7ème SOMMET UE – UA : OLIGUI SANS CIRCONLOCUTION
Cette rencontre de haut niveau a réuni les dirigeants africains et européens autour des enjeux de paix, de sécurité et d’intégration régionale, au cœur des priorités partagées entre l’Afrique et l’Europe. Elle a surtout permis de réaffirmer l'engagement commun en faveur de la vision conjointe pour 2030, adoptée lors du 6ème sommet en 2022, soulignant les progrès accomplis et le travail en cours pour un suivi efficace. Cette coopération, "qui n'a cessé de s'approfondir en termes de portée, d'ambition et d'importance politique", selon le communiqué conjoint publié par les deux entités, est intrinsèquement liée aux ambitions de l'Agenda 2063 de l'Union africaine et aux Objectifs de développement durable des Nations unies. Et illustre une volonté partagée d'aligner les agendas stratégiques pour bâtir un avenir commun. Le précédent sommet, tenu à Bruxelles en février 2022, avait déjà posé les bases d’un dialogue renforcé sur la paix, la sécurité et le développement économique. Le rendez-vous de Luanda a poursuivi cette dynamique, tout en abordant de nouveaux enjeux stratégiques, comme le rôle croissant de l’Afrique sur la scène mondiale.
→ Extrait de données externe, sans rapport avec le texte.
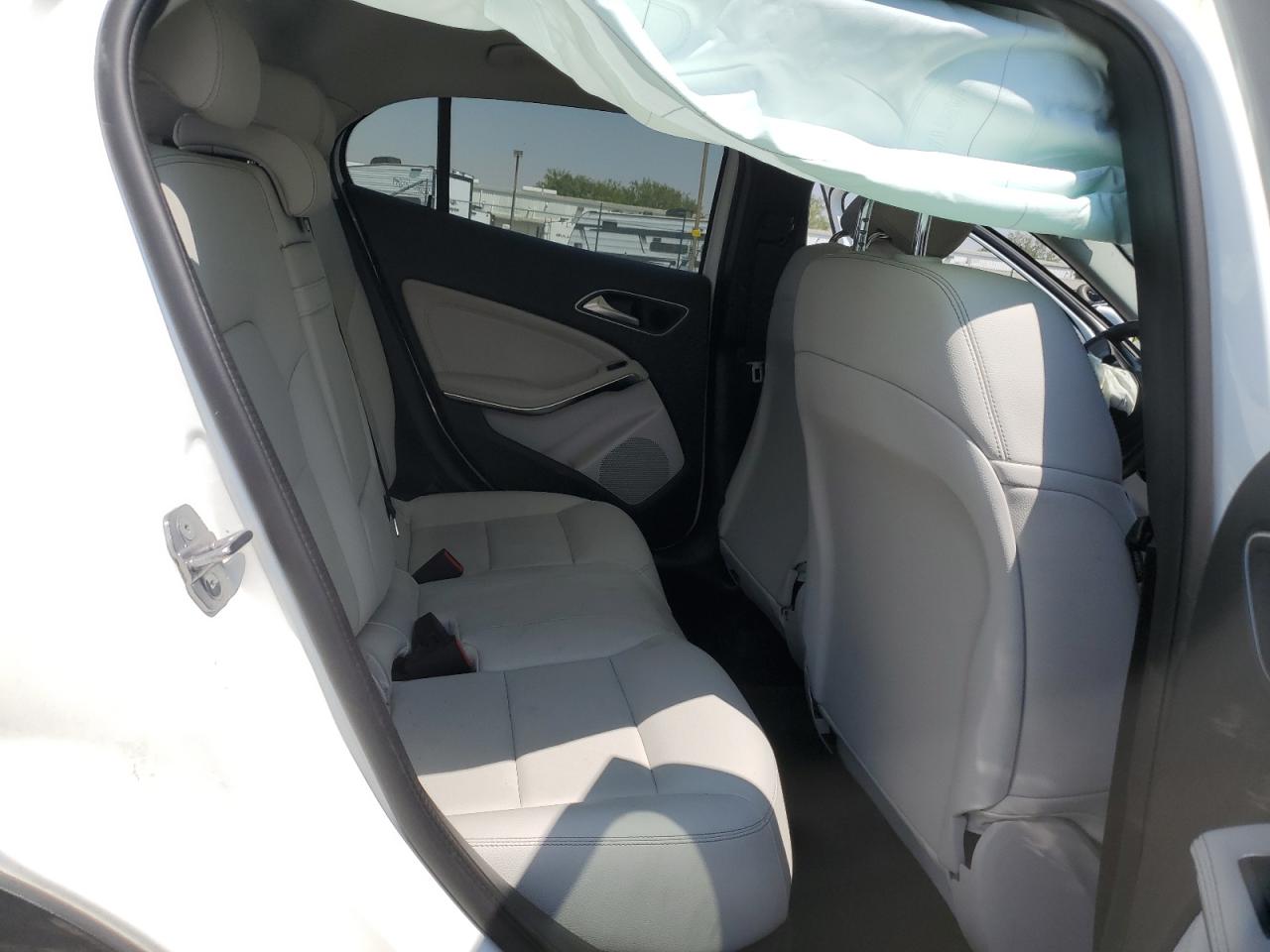 2019 Mercedes-Benz Gla 250 4Matic VIN: WDCTG4GB3KJ583002 Lot: 64477025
À travers sa participation, le Gabon réaffirme son engagement pour une coopération équilibrée, porteuse de stabilité, de développement et d’opportunités partagées entre l’Afrique et l’Europe. Le Président de la République, S.E. Brice Clotaire Oligui Nguema, a donné un discours sans circonlocution à Luanda. Dans son allocution, le Président de la République a rappelé l’importance d’un partenariat fondé sur des valeurs partagées et une vision commune, soulignant l’urgence d’une réforme profonde de la gouvernance mondiale pour la rendre plus juste, inclusive et représentative des aspirations africaines et européennes. Il a insisté sur la nécessité de refonder le multilatéralisme autour de l’équité et des besoins des populations, tout en soulignant que le partenariat UA-UE peut incarner ce renouveau, à condition de peser davantage dans les instances décisionnelles mondiales, notamment au Conseil de sécurité.
Abordant les enjeux sécuritaires, le Président de la République a dénoncé avec force la prolifération des armes en Afrique, malgré les embargos, rappelant que les pays touchés « ne fabriquent ni armes ni munitions » et que ces flux illégaux, issus de réseaux extérieurs, alimentent les crises du Sahel au Soudan, des Grands Lacs à la Corne de l’Afrique. Il a appelé à un renforcement réel des capacités africaines de prévention et de maintien de la paix, tout en exhortant l’Union européenne à intensifier son appui, notamment à travers le Fonds européen pour la paix et l’Architecture Africaine de Paix et de Sécurité (APSA). Évoquant les conséquences des crises extérieures, il a cité la guerre en Ukraine, dont les perturbations sur les chaînes céréalières accentuent la vulnérabilité économique et alimentaire du continent. Le Président de la République a réaffirmé que le Gabon, havre de paix et pays stable, demeure un partenaire fiable et attractif pour les investissements étrangers.
Au nom du Gabon, Le Président de la République, Chef de l’État, Chef du Gouvernement, Son Excellence Brice Clotaire OLIGUI NGUEMA a défendu deux principes majeurs, d’une part, l’exigence pour l’Afrique d’être pleinement actrice de son propre développement, en valorisant ses ressources, en fixant ses priorités et en accélérant l’industrialisation verte et la transformation locale et d’autre part, la nécessité de restaurer un multilatéralisme fondé sur la solidarité, au service des peuples, et non sur les rivalités d’influence. Il a conclu en réaffirmant que seule l’unité, la foi, la solidarité et le sens des responsabilités permettront d’édifier une paix durable et une prospérité partagée entre l’Afrique et l’Europe.
Dans leur communiqué final publié mardi 25 novembre 2025, les deux institutions continentales saluent leur partenariat « unique et stratégique » et prennent de nombreux engagements. Parmi eux, celui de soutenir et de promouvoir le multilatéralisme, de renforcer leurs relations commerciales, de développer leur collaboration sur les minerais stratégiques ou encore de juguler l’immigration illégale tout en favorisant la mobilité des citoyens des deux blocs.